Esta segunda parte de El rosa Tiepolo se cierra con el destacado de las figuras de orientales en la obra del artista, que Calasso explica como propulsores o «levitadores» de cada pintura o cada dibujo y grabado en los que aparecen, con sus atuendos recargados y sus miradas impenetrables, dotando a las escenas de una palpitación especial y un significado abierto a la especulación temeraria en la que tan cómodamente se mueve Calasso. Pero el libro no acaba ahí. La tercera y última parte, titulada «Gloria y soledad», es el remate metodológico con el que el editor-autor nacido en Florencia quiere llegar a las últimas conclusiones de su propio programa de interpretación «tiepolesca». Son las páginas menos vertiginosas del libro, aunque no carecen de interés, sobre todo si las leemos como españoles. En ella, Tiepolo se instala, a invitación del monarca, en Madrid, sufre algún desdoro profesional y algún desplante regio, así como desdichas conyugales; se decía en la corte de Carlos III –y lo repitieron después nuestros afrancesados, seguramente con hipérbole romántica, a los amigos cultos de París– que su esposa Cecilia, hermana de Francesco Guardi y madre de nueve de los hijos de Giambattista, se hizo en España una ludópata compulsiva, jugándose a menudo en las timbas los bocetos de su marido.
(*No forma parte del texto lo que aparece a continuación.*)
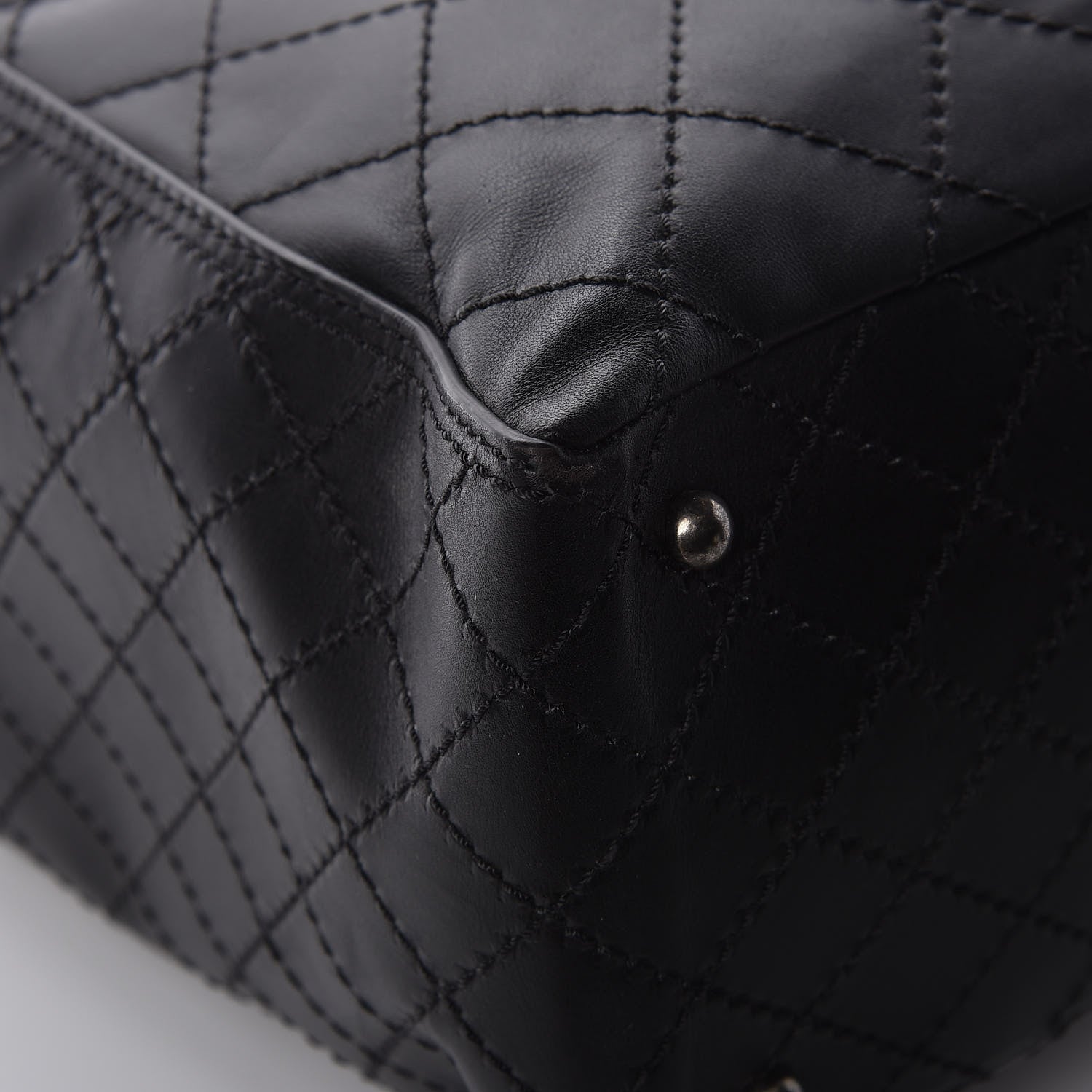 Chanel Calfskin CC Pocket Tote Black 13 of 13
Para reforzar, de modo creo que innecesario, el lado de desdicha de Giambattista, Calasso llega a decir que cuando, poco después de la muerte del veneciano en 1770, y con la venia del rey, los siete lienzos pintados por él para la iglesia madrileña de San Pascual Baylón fueron retirados y sustituidos por otros de Mengs y Bayeu, «se consuma la eliminación de Tiepolo “in toto” de la psique europea, que se prolongaría a lo largo de un siglo», un período, insiste Calasso, en el que nadie, ni siquiera los que vivían en el Véneto, en Baviera, en España, bajo sus techos al fresco levantaban los ojos «hacia esas nubes, esos animales y esos ángeles». Conviene, por una parte, señalar que la estela pictórica del gran maestro la continuaron sus dos hijos, y es de agradecer que Calasso no los menosprecie, pues los pasteles de tipos populares que pintó Lorenzo en Madrid antes de morir en Somosaguas a los treinta y nueve años son de lo mejor del arte español de la segunda mitad del siglo XVIII, y, si se me permite, también a mí, la aventura de los juicios, las catorce Estaciones de la Cruz que un adolescente Giandomenico, antes de seguir a su padre a Madrid, dejó en la iglesia veneciana de San Polo a modo de reportaje al óleo de la Pasión, son de una llamativa originalidad, un poco naturalistas avant la lettre, siendo este hijo, por más longevo, el depositario y difusor de la marca paterna. Pero luego llegó Goya, claro, y ése si que fue alguien que no dejó de mirar nunca, en las bóvedas y en los caballetes, a Giambattista. Al ceremonioso y festivo y al sombrío.